Exercise directions → Any pictures in the records below must be left out when you repeat the lines from the line containing "Try that method" through the line containing "So I hope you'll" exactly.

Given information →
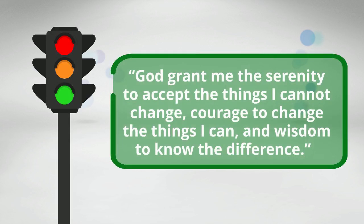God, grant me the serenity to accept the things I cannot change, courage to change the things I can, and wisdom to know the difference.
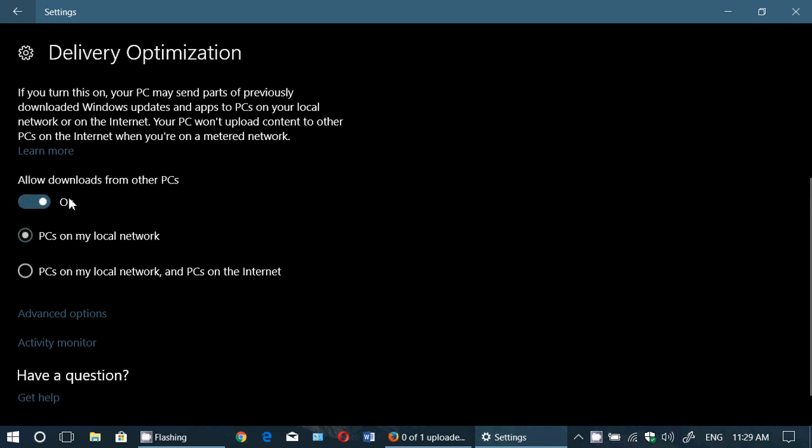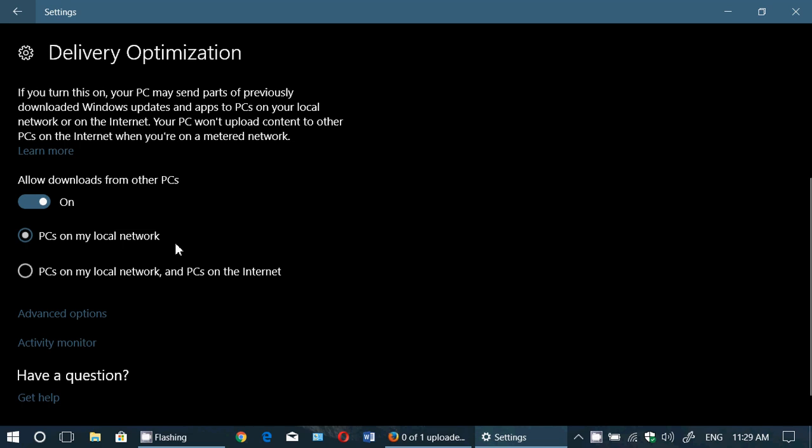I prefer to switch it on because I have many computers in my own network, so the delivery is better. It means less data downloaded on your internet because your PC is sharing that data with others. Of course, if you do not wish to share it on the internet with others, simply switch it off or change the option to local network instead of PCs on the internet.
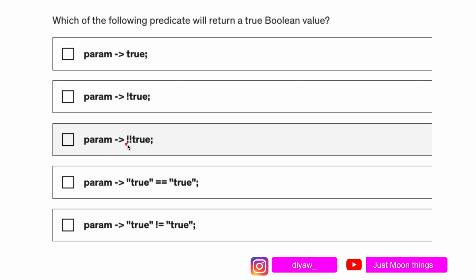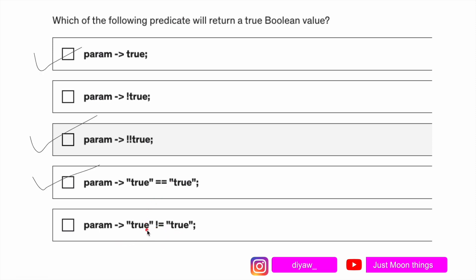Then we have double negation — in this case true will be converted to false, and then false will be converted back to true because of the double negation. We also have two strings compared with equals, and then not-true. Since we can choose multiple correct options: the first option returns true, the second returns false, the third returns true, and the fourth returns true because both strings are equal. So those three are the correct options.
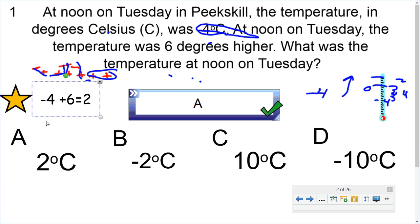Try that method if you have the rules mixed up. The rules are: same signs — add the numbers and keep the same sign; different signs — subtract and choose the sign of the larger digit. So A was our correct answer.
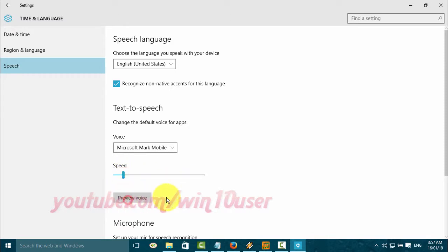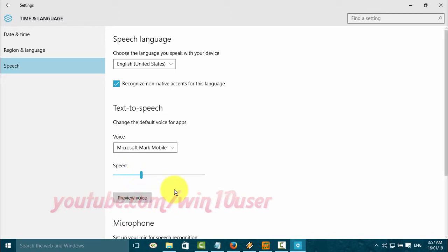You have selected Microsoft Mark Mobile as the default voice.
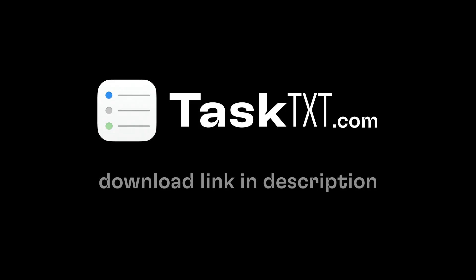So I hope you'll download my new TaskTXT Mac app and give it a try. You can use it for free, just like the website, and you can subscribe for unlimited pages.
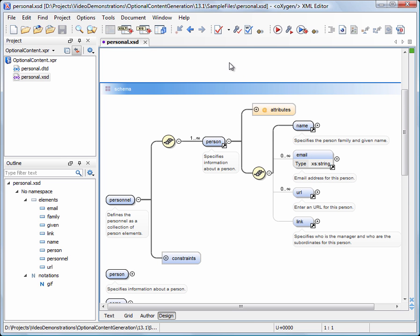The person element contains both required and optional elements. Oxygen uses different ways to draw a connector between elements. A thick black line indicates a required element, while a thin black line is used for connecting an optional element.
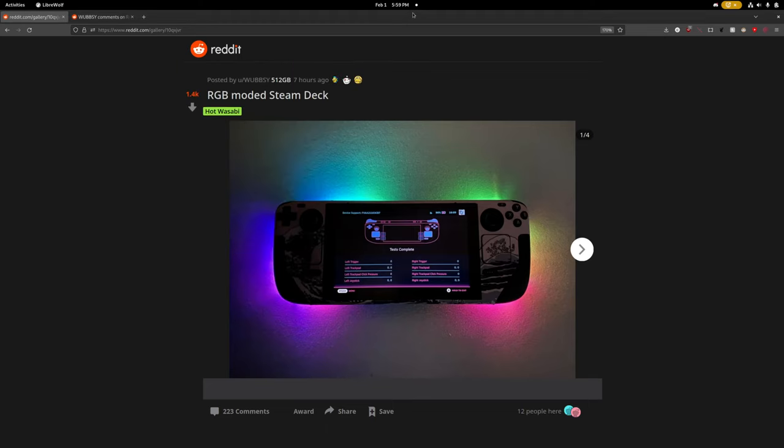Hello world, calcprogrammer1 here. I was browsing on Reddit today and came across this image posted by user Wubzy on the Steam Deck subreddit. RGB modded Steam Deck. It looks really cool just looking at the picture and this is pretty much exactly the mod I had in mind when I did my unboxing of the JSOX transparent rear cover the other day.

Task answer →
Try that method if you have the rules mixed up. The rules are: same signs — add the numbers and keep the same sign; different signs — subtract and choose the sign of the larger digit. So A was our correct answer.
You have selected Microsoft Mark Mobile as the default voice.
So I hope you'll download my new TaskTXT Mac app and give it a try. You can use it for free, just like the website, and you can subscribe for unlimited pages.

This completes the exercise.